Europe has been betrayed by its elite

We have failed to sell the European idea to people who don’t see the value of it

Tributes to victims of the terrorist attack in Las Ramblas. Photograph: Andreu Dalmau/EPA
Tributes to victims of the terrorist attack in Las Ramblas. Photograph: Andreu Dalmau/EPA

As the terrible news of the atrocity on Las Ramblas hit last week, after the initial shock and horror, my wife and I had the same thought: this is getting personal. In the early 1980s we were both living in Barcelona, and had first met in a cafe on Las Ramblas, introduced by mutual friends.

But that's not the only special association Las Ramblas holds for me. On the night of February 23rd, 1981, Lieut Col Antonio Tejero attempted to overthrow parliamentary democracy in Spain. The tanks were out in Valencia, and Barcelona was in lockdown. The media reports were confusing, and while my flatmates – Communist exiles from Argentina – were busy burning documents and wondering if they should drive to the French border, I headed for Las Ramblas to see what was happening. Myself and one of my Catalan students were the only people on the eerily deserted Ramblas, apart from a few very nervous-looking National Policemen. We ended up in a bar in the Barrio Gotico, where the owner dispensed free cake and Champagne all night, on the basis that tomorrow we would all be dead, in prison or in France.
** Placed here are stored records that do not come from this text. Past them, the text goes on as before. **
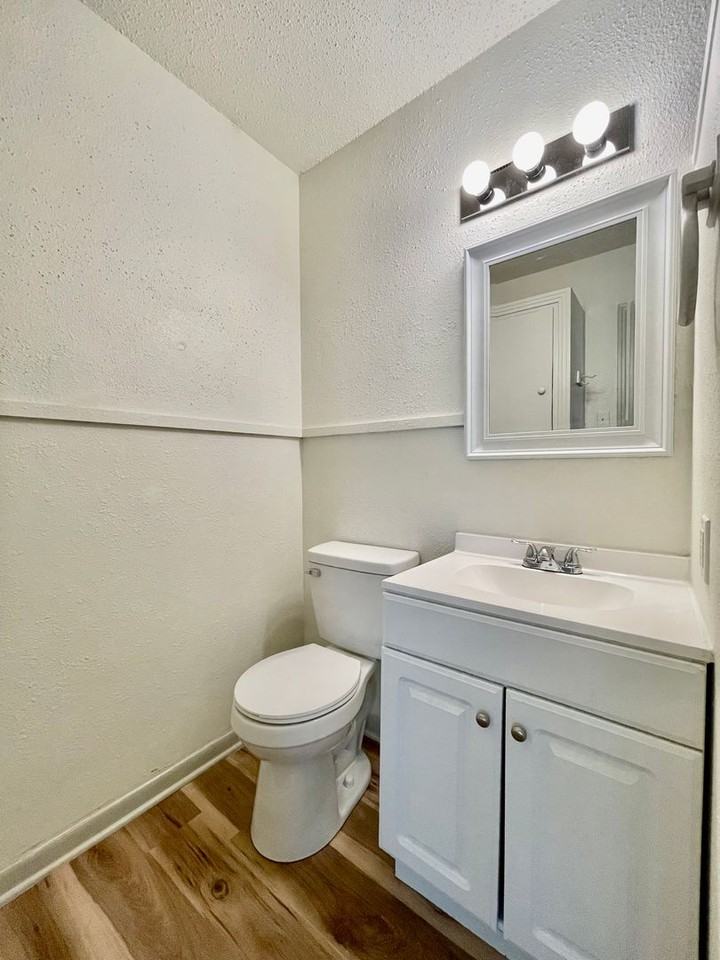 619 Barbara Dr - Photo 7 of 13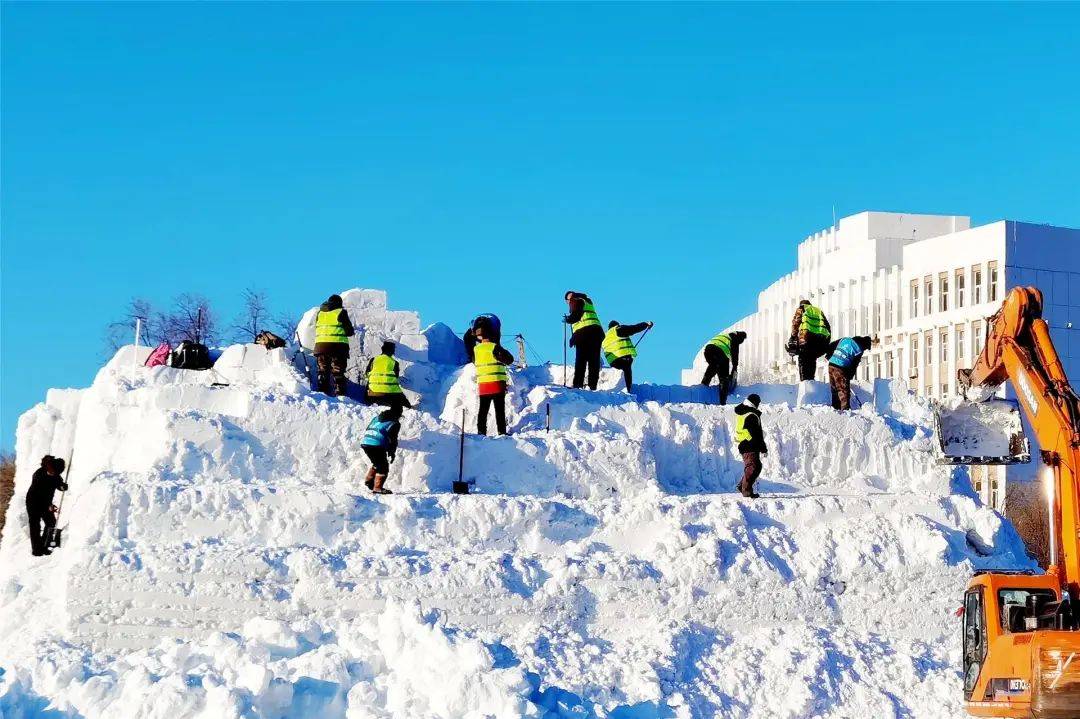 阿荣旗：雕PG电子app琢冰雪之美 打造冬日盛宴(图2)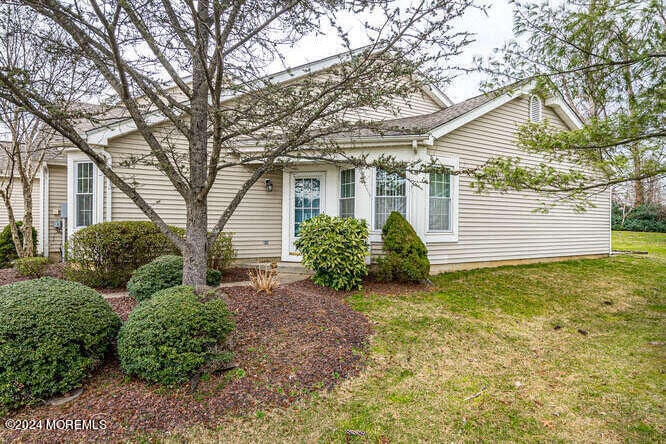 106 Aspen Ln Freehold NJ 07728-small-004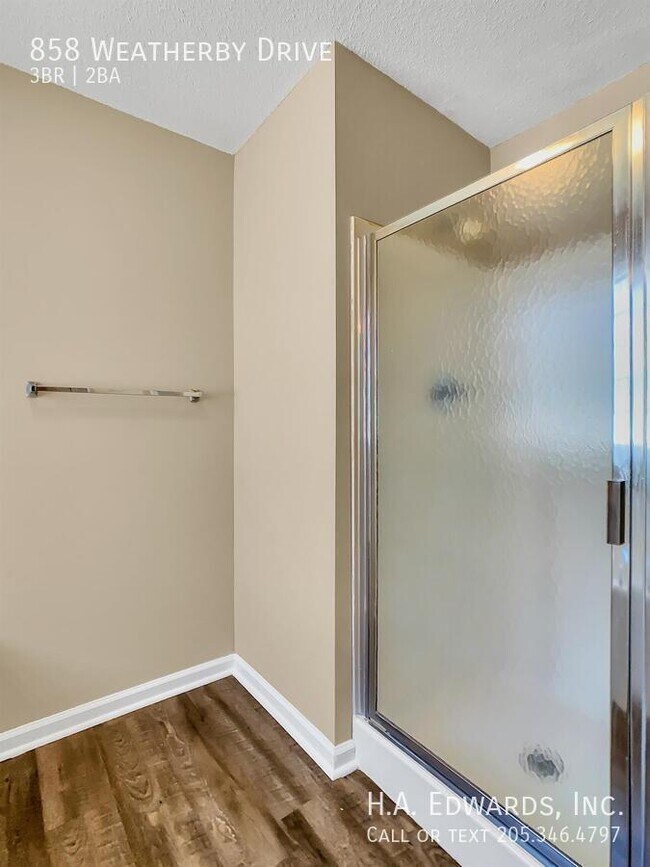 Building Photo - 858 Weatherby Dr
Of course, nothing happened, and like many I felt that this was a new dawn for Spain and for Europe. The last pool of darkness had been drained, and Europe seemed to have finally made it into the light after the nightmares of fascism, the second World War and the Holocaust. Nobody expected the European future to be perfect. But the tendencies in some eastern European states towards an authoritarian nationalism, and their lingering traces of xenophobia and anti-Semitism, could eventually be eradicated by prosperity and education.

There was always the special case of Ireland, but I was confident that once my fellow countrymen got their snouts into the European trough, no amount of imposed liberalisation would convince them to remove them, and eventually European norms would prevail here, too.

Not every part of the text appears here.